3. “Southern Nights” (#1 EL, #1 pop, #1 country, 1977). The first time you heard this, it burned itself into your brain, and every time you heard it after that, it stayed with you, continuously, until it came up in the radio station’s rotation again.
2. “Galveston” (#1 EL, #4 pop, #1 country, 1969). “Galveston” is perfect; there’s not one thing you can imagine that could make it any better. It did six weeks at #1 Easy Listening and three weeks at #1 country. The week it reached #4 on the Hot 100 (4/12/69), it trailed only the Fifth Dimension’s “Aquarius,” “You’ve Made Me So Very Happy” by Blood Sweat and Tears, and “Dizzy” by Tommy Roe. (“Dizzy” had recently kept CCR’s “Proud Mary” out of the #1 spot, so Tommy Roe will have a lot to answer for on Judgment Day.)
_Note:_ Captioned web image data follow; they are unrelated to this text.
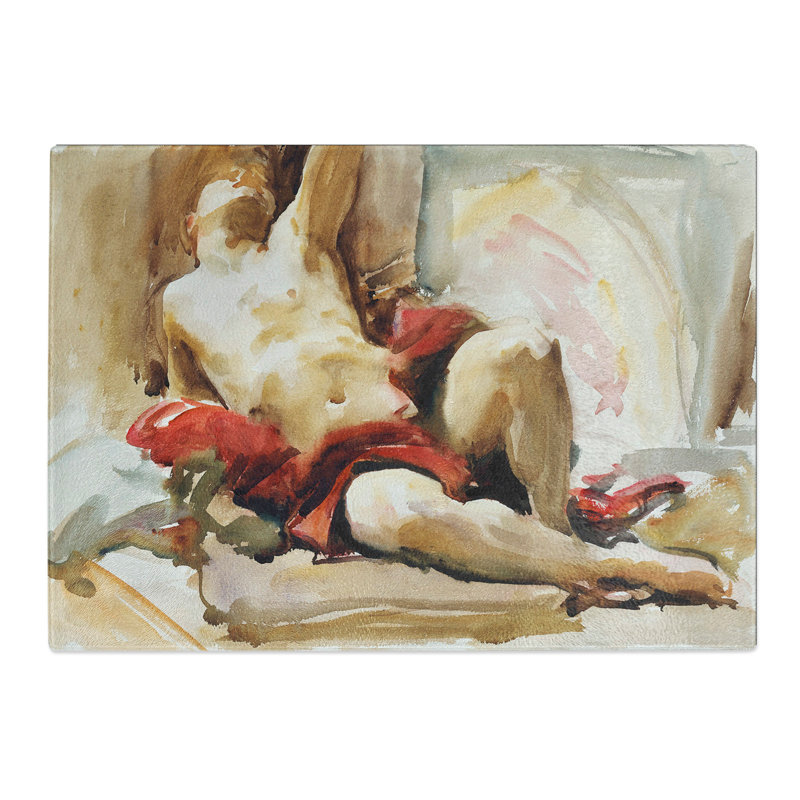 Man with Drapery by John Singer Sargent Chopping Board, 0.4cm H x 28.5cm W x 39cm L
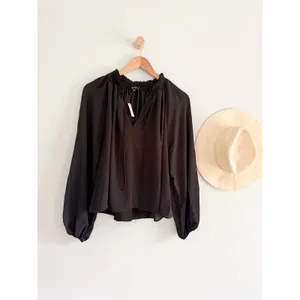 Madewell | NWT Tie Neck Blouse Black‎ Long Sleeve Top | Sz L thumbnail 2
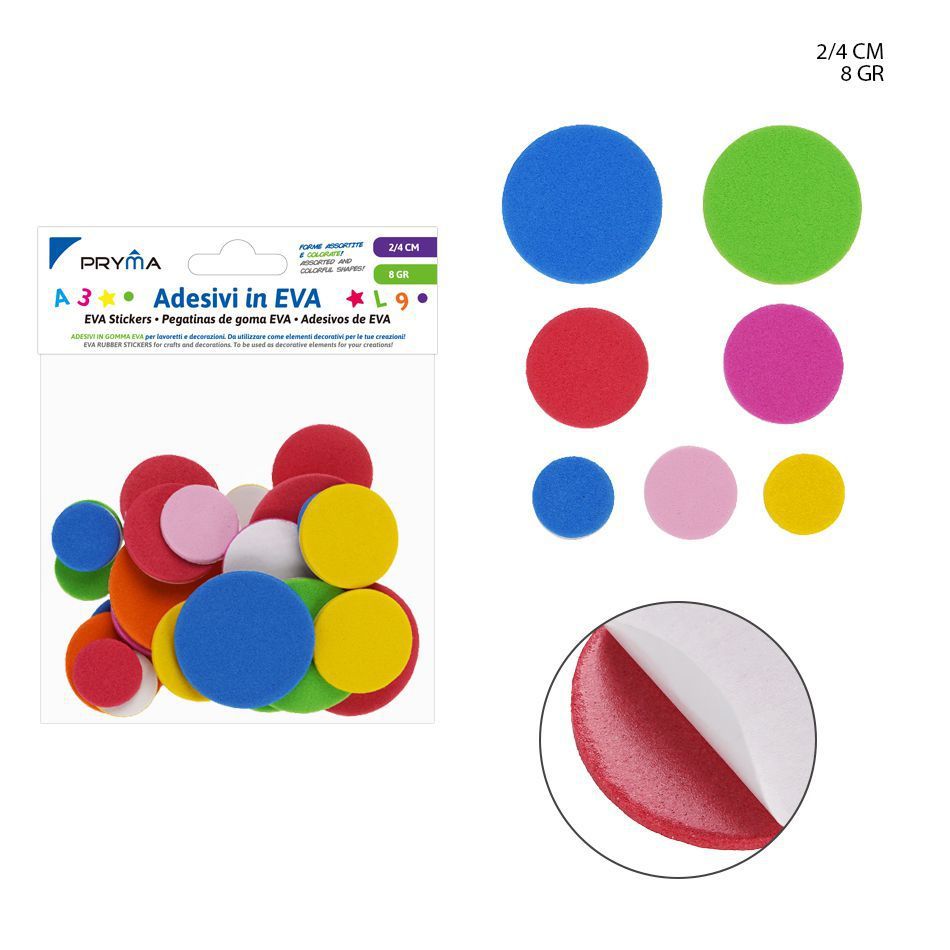 Pegatinas redondas de goma EVA 2-4cm para manualidades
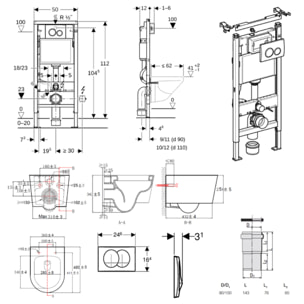 Duofix Pack WC bâti 112 cm + WC sans bride + abattant SoftClose Swiss Aqua Technologies + plaque (GEBSTBRWR04MAN-FR)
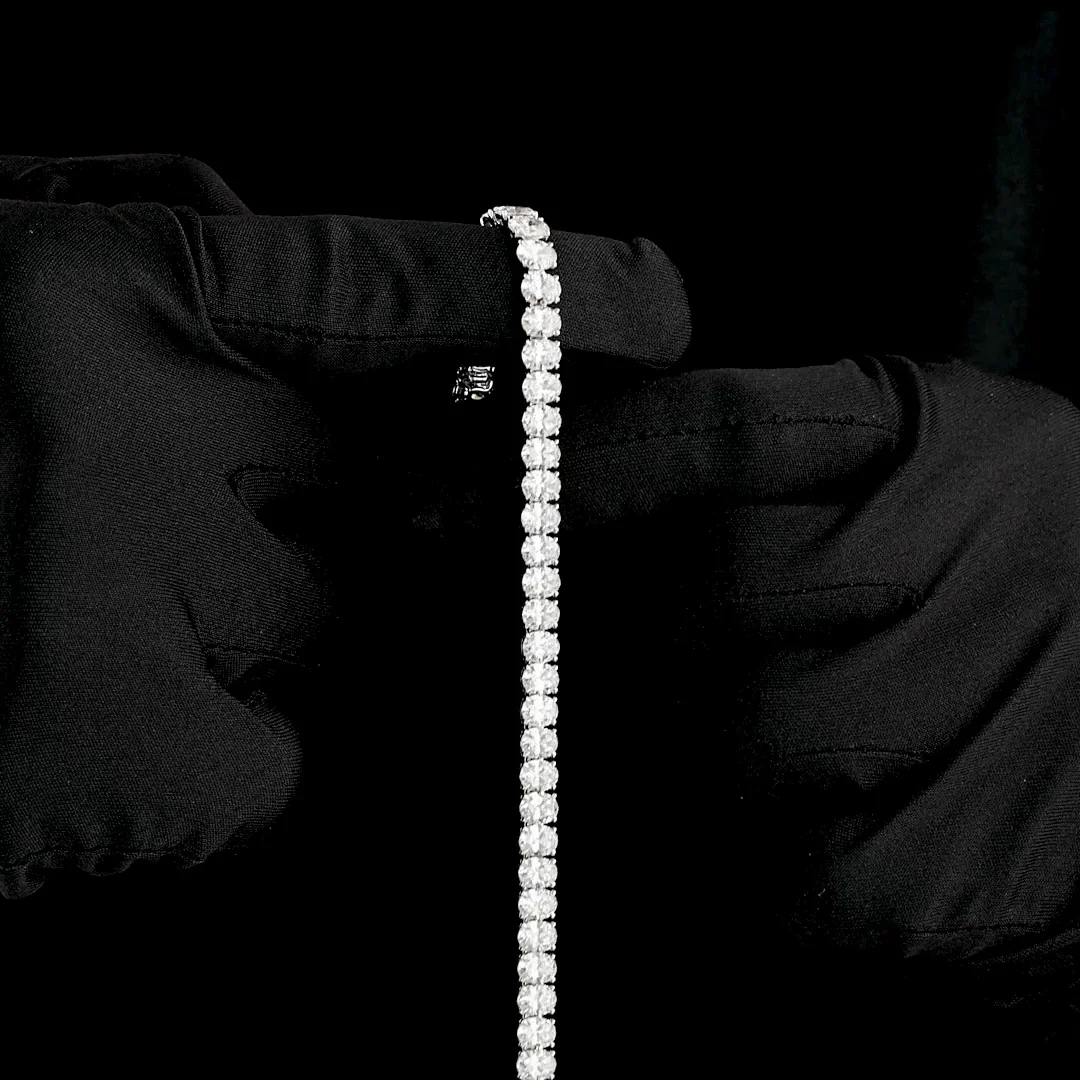 15.01 Cts 14k White Gold Oval Shape Tennis Bracelet - Image 3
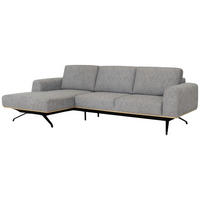 ECKSOFA in Struktur Grau  157/262 cm  - Schwarz/Grau, Design, Textil/Metall (157/262cm) - Novel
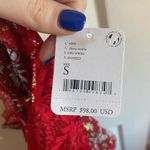 Free People NWT  size small last night mini slip dress cherry red combo dainty Photo 3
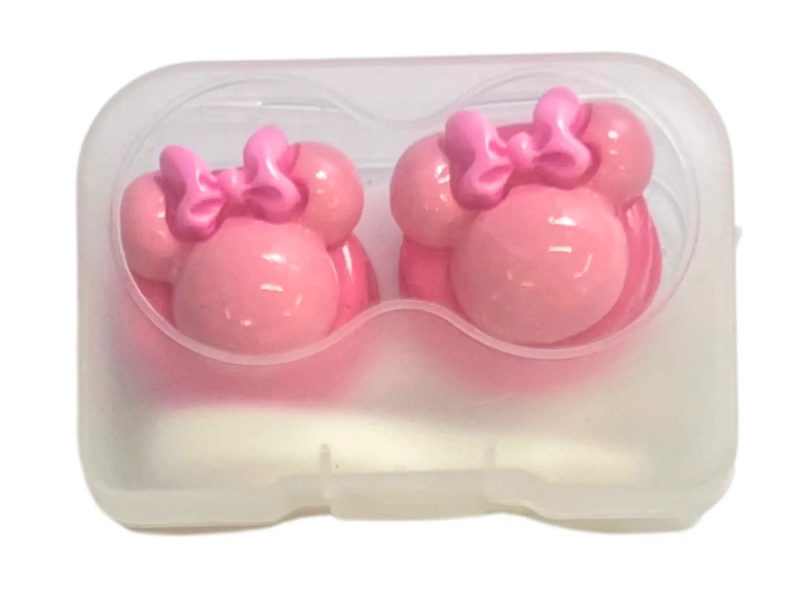 Minnie-Figuren-Kontaktlinsen-Aufbewahrungsset, Farbe: rosa Basis, rosa, rosa Schleife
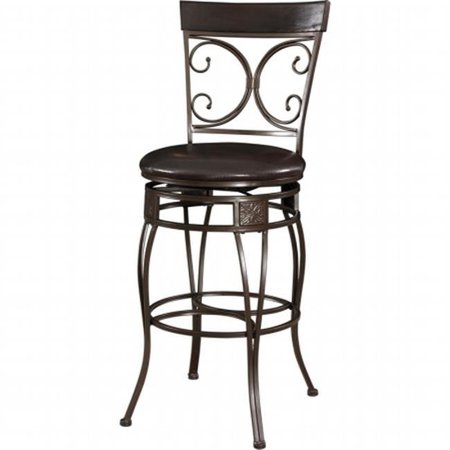 POWELL Powell 938-851 Big and Tall Back to Back Scroll Barstool - Black 938-851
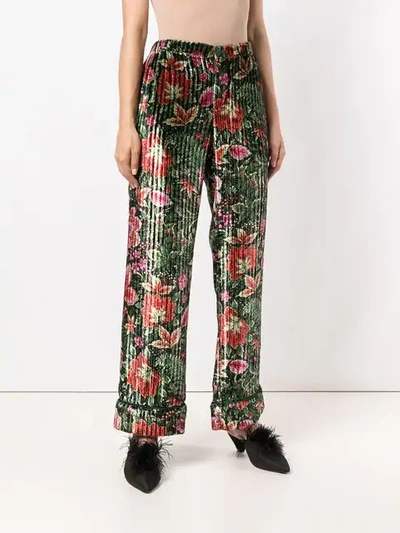 Shop F.r.s For Restless Sleepers Velvet Floral Trousers In Green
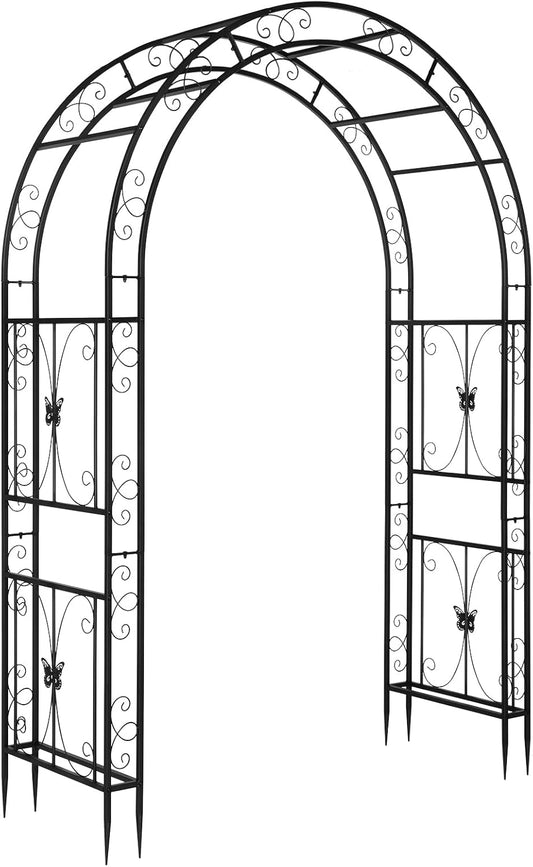 VINGLI Garden Arbor, Arch Archway for Wedding Ceremony Party, Steel Garden Trellis for Plant Climbing, Christmas Garden Decorations Pergola for Garden, Backyard, Lawn (Black, 75.5x22.8x94.5in)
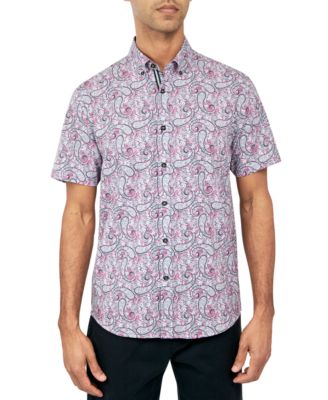 Society of Threads - Men's Regular Fit Non-Iron Performance Stretch Paisley Print Button-Down Shirt
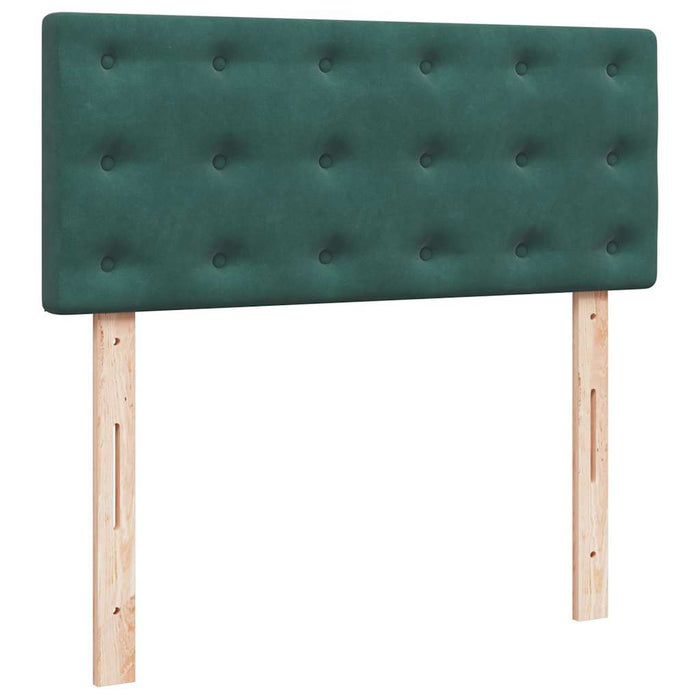 vidaXL Pouf Letto con Materasso Verde Scuro 120x190 cm Velluto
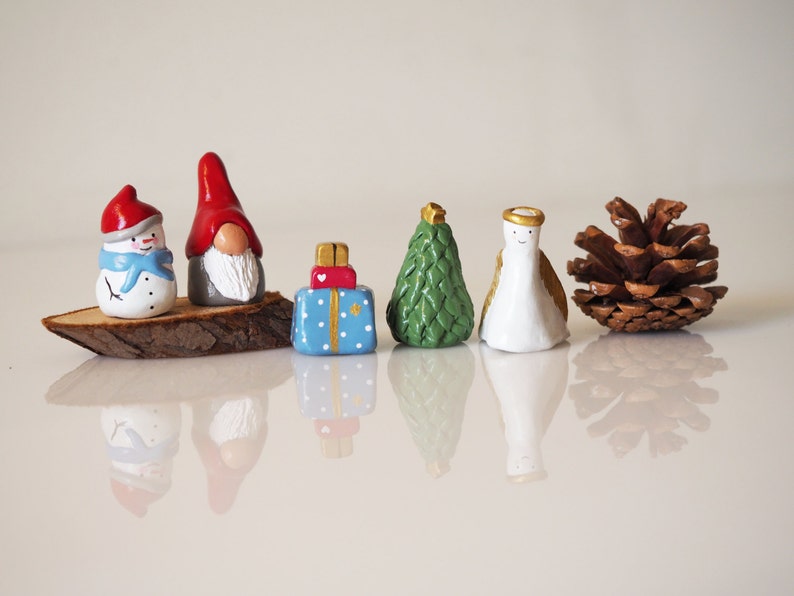 Christmas miniatures Set 5 Christmas ornaments Collectible thimbles Ceramic miniatures Clay Christmas decorations Stocking stuffer image 4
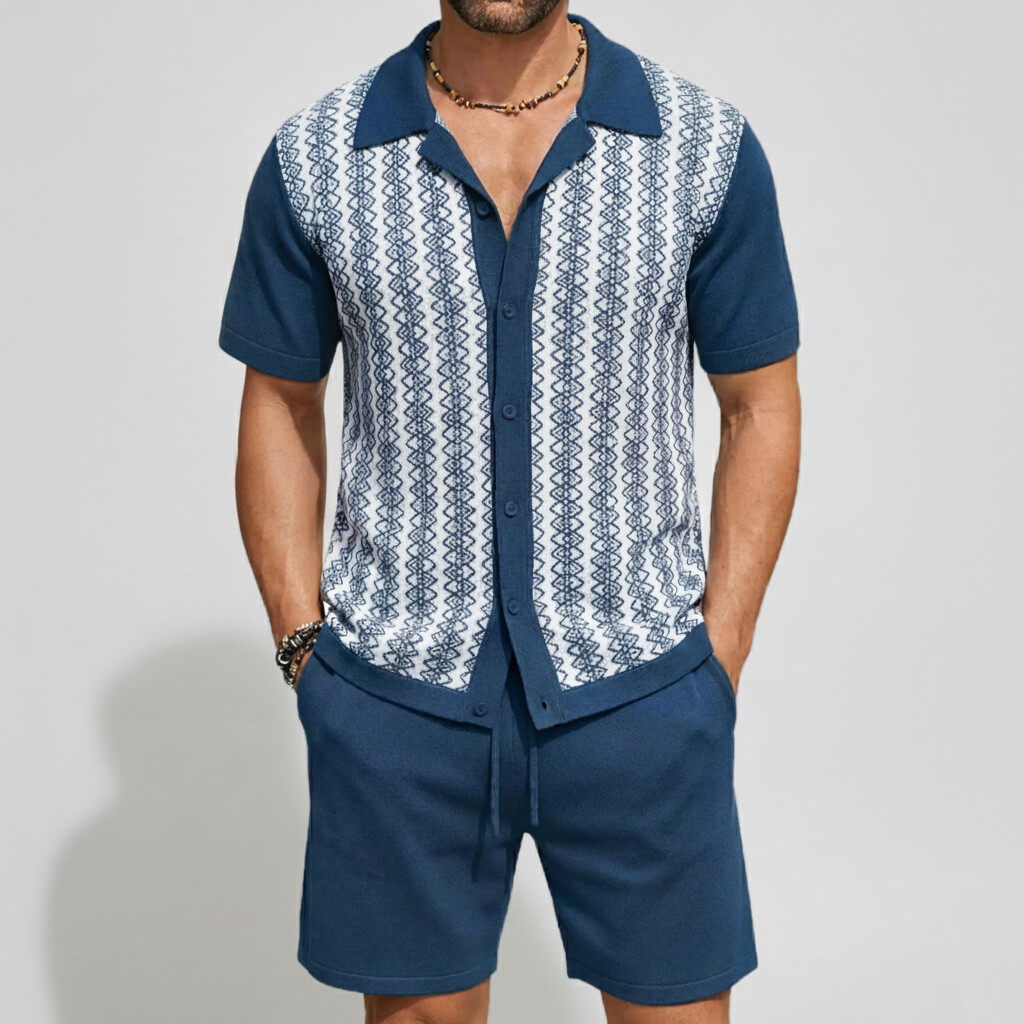 Men's Vacation Color Block Short Sleeve Jacquard Knit Shirt & Shorts 2Pcs Set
1. “Wichita Lineman” (#1 EL, #3 pop, #1 country, 1968/69). This, too, is what perfection sounds like. “I am a lineman for the county / And I drive the main road / Searching in the sun for another overload.” Dude works for the telephone company, or maybe it’s the power company, neither of which is a profession that often makes its way into song. But Jimmy Webb’s genius is that he took this not-easy-to-relate-to job and mined it for metaphors (“I hear you singin’ in the wires”) that anybody could understand. Like “Galveston,” it did six weeks at #1 Easy Listening, and it was a #2 country hit. The week “Wichita Lineman” hit #3 on the Hot 100 (1/11/69), giants walked the earth: it stood behind only “I Heard It Through the Grapevine” and the Supremes/Temptations collaboration “I’m Gonna Make You Love Me.” Also in the Top 10 that week: Stevie Wonder, the Temps and Supremes as individual acts, and “Crimson and Clover.”
(Back in 2012, I wrote a thing for Popdose about Campbell’s Wichita Lineman album, which you can read here.)
If you expected to find “By the Time I Get to Phoenix” here, so did I. But it made only #12 on the Easy Listening chart and #26 on the Hot 100, although it was a #2 country hit in 1968. “Gentle on My Mind,” Campbell’s famous theme song, was #8 Easy Listening, but reached only #30 on the country chart in 1967, and #39 on the Hot 100 when it was re-released a year later.
People drinking from the firehose today are either being reminded or learning for the first time of Glen Campbell’s towering importance to popular music in the last half of the 20th century. We shall not see his like again.